10.2 Tenant's Compliance with Landlord's Fire and Casualty Insurance. Tenant shall, at Tenant's expense,
comply as to the Premises with all insurance company requirements pertaining to the use of the Premises. If
Tenant's conduct or use of the Premises causes any increase in the premium for such insurance policies, then
Tenant shall reimburse Landlord for any such increase. Tenant, at Tenant's expense, shall comply with all rules,
orders, regulations or requirements of the American Insurance Association (formerly the National Board of Fire
Underwriters) and with any similar body.

10.3 Tenant's Insurance. Tenant shall maintain Commercial General Liability Insurance covering the insured
against claims of bodily injury, personal injury and property damage arising out of Tenant's operations, assumed
liabilities or use of the Premises, including a Broad Form Commercial General Liability endorsement covering the
insuring provisions of this Lease and the performance by Tenant of the indemnity agreements set forth in Section
10.1 of this Lease, for limits of liability not less than $2,000,000.00 for each occurrence and $2,000,000.00
annual aggregate. In addition, Tenant shall carry Physical Damage Insurance covering (i) all office furniture, trade
fixtures, office equipment, merchandise and all other items of Tenant's property on the Premises installed by, for,
or at the expense of Tenant, and (ii) all other improvements, alterations and additions to the Premises, including
any improvements, alterations or additions installed at Tenant's request above the ceiling of the Premises or below
the floor of the Premises.

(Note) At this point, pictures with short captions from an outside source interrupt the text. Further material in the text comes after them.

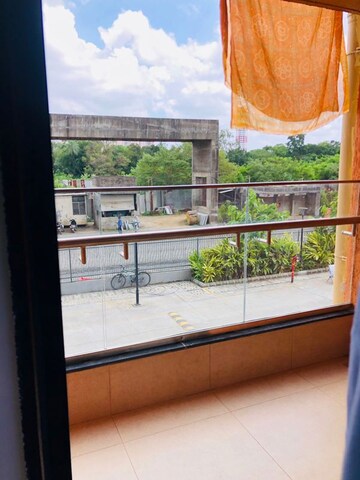 Balcony in 2 BHK Apartment at Nanded Bageshree, Sinhagad Road – for Sale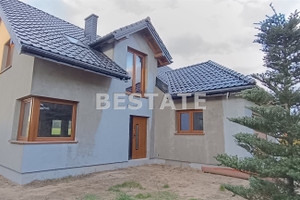 Dom na sprzedaż 200m2 pabianicki Dobroń Poleszyn - zdjęcie 1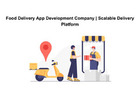 Food Delivery App Development Company | Scalable Delivery Platform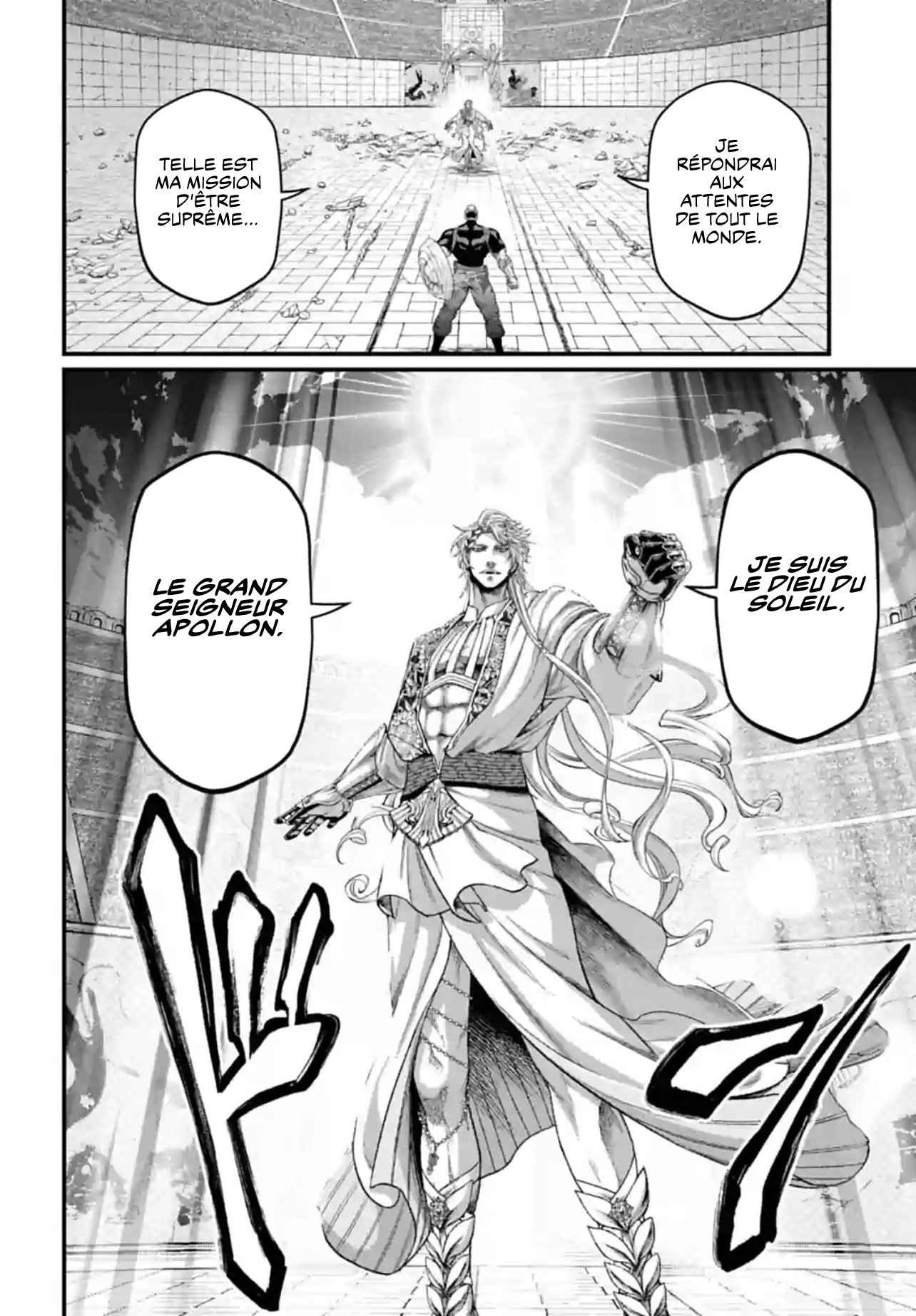 Read Valkyrie Apocalypse (fr) Manga Online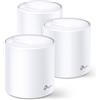 TP-Link TP-Link Deco X20 - Wi-Fi-system - 802. Deco X20(3-pack) V1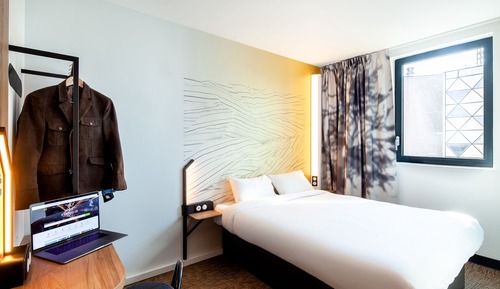 Chambre Double, non-fumeurs
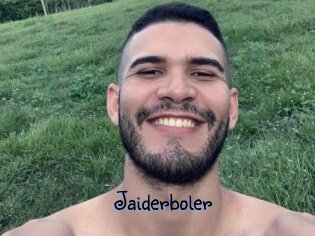 Jaiderboler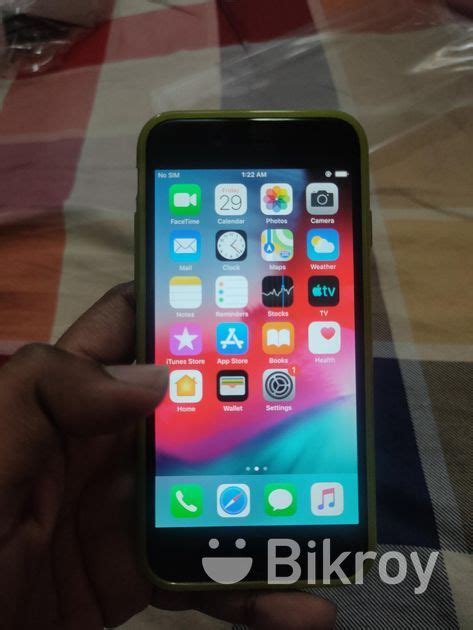 Apple Iphone 6 16gb Used For Sale In Mohammadpur Bikroy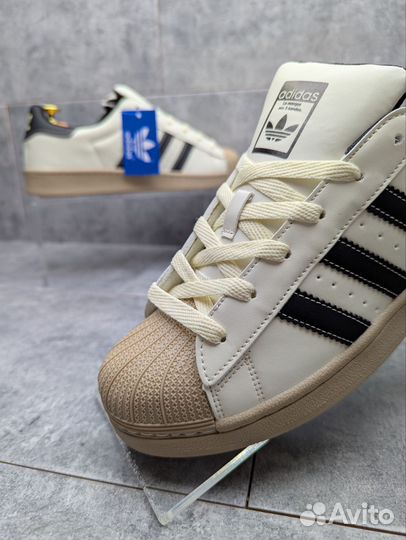 Мужские кеды Adidas Superstar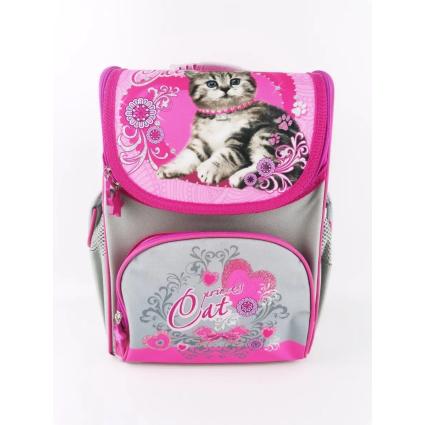 Рюкзак каркасный Willy "Cat" для девочки WL-864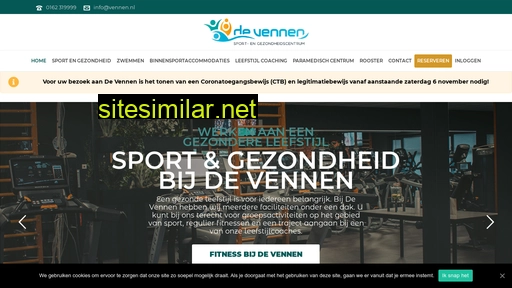 vennen.nl alternative sites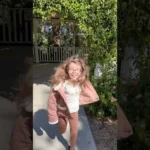 Butterflies Everywhere – And A Very Happy Birthday Girl! | Mayte & Perez Hilton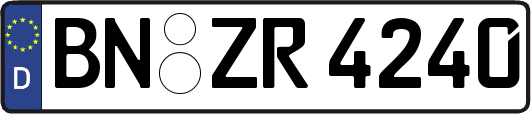 BN-ZR4240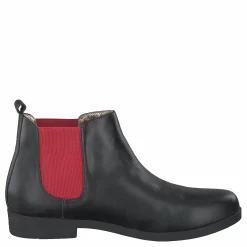 Allison Black/red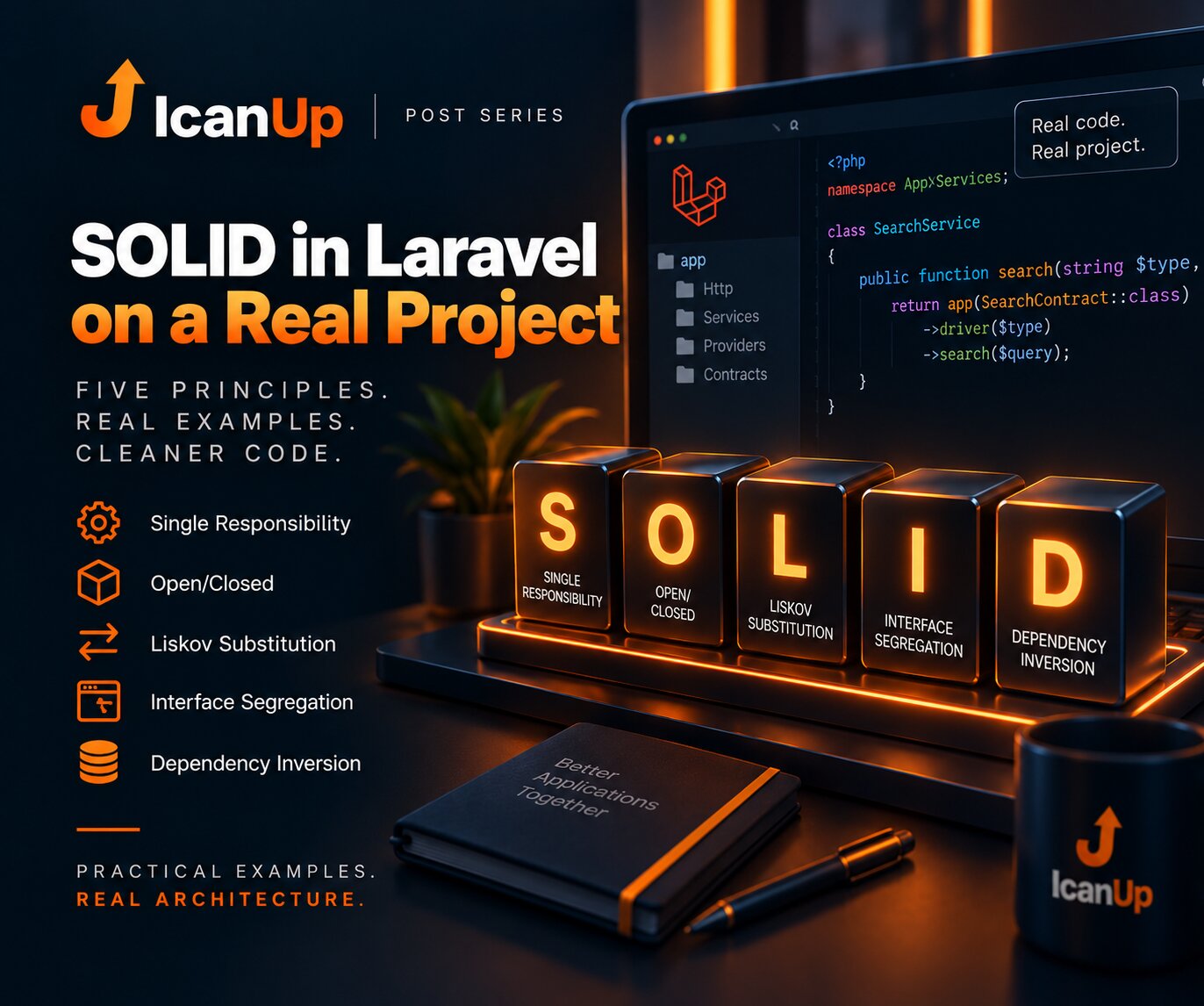 SOLID in Laravel on a Real Project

Such insurance shall be written on an "all risks" of physical loss or damage basis, for the
full replacement cost value new without deduction for depreciation of the covered items and in amounts that meet
any co-insurance clauses of the policies of insurance and shall include a vandalism and malicious mischief
endorsement, sprinkler leakage coverage and earthquake sprinkler leakage coverage.

10.4 Form of Policies. The minimum limits of policies of insurance required of Tenant under this Lease shall in no
event limit the liability of Tenant under this Lease. Such insurance shall (i) name Landlord, and any other party it
so specifies, as an additional insured; (ii) specifically cover the liability assumed by Tenant under this Lease,
including, but not limited to, Tenant's obligations under Section 10.1 of this Lease; (iii) be issued by an insurance
company having a rating of not less than A-VIII in Best's Insurance Guide or which is otherwise acceptable to
Landlord and licensed to do business in the state in which the Building is located; (iv) be primary insurance as to
all claims thereunder and provide that any insurance carried by Landlord is excess and is non-contributing with
any insurance requirement

                                                        -11-
of Tenant; (v) provide that said insurance shall not be canceled or coverage changed unless thirty (30) days' prior
written notice shall have been given to Landlord and any mortgagee or ground or underlying lessor of Landlord.
Tenant shall deliver said policy or policies or certificates thereof to Landlord on or before the Lease
Commencement Date and at least thirty (30) days before the expiration dates thereof. In the event Tenant shall
fail to procure such insurance, or to deliver such policies or certificate, Landlord may, at its option, procure such
policies for the account of Tenant, and the cost thereof shall be paid to Landlord as Additional Rent within five
(5) days after delivery to Tenant of bills therefor.

10.5 Subrogation. Landlord and Tenant agree to have their respective insurance companies issuing property
damage insurance waive any rights of subrogation that such companies may have against Landlord or Tenant, as
the case may be, so long as the insurance carried by Landlord and Tenant, respectively, is not invalidated
thereby. As long as such waivers of subrogation are contained in their respective insurance policies, Landlord and
Tenant hereby waive any right that either may have against the other on account of any loss or damage to their
respective property to the extent such loss or damage is insurable under policies of insurance for fire and all risk
coverage, theft, public liability, or other similar insurance.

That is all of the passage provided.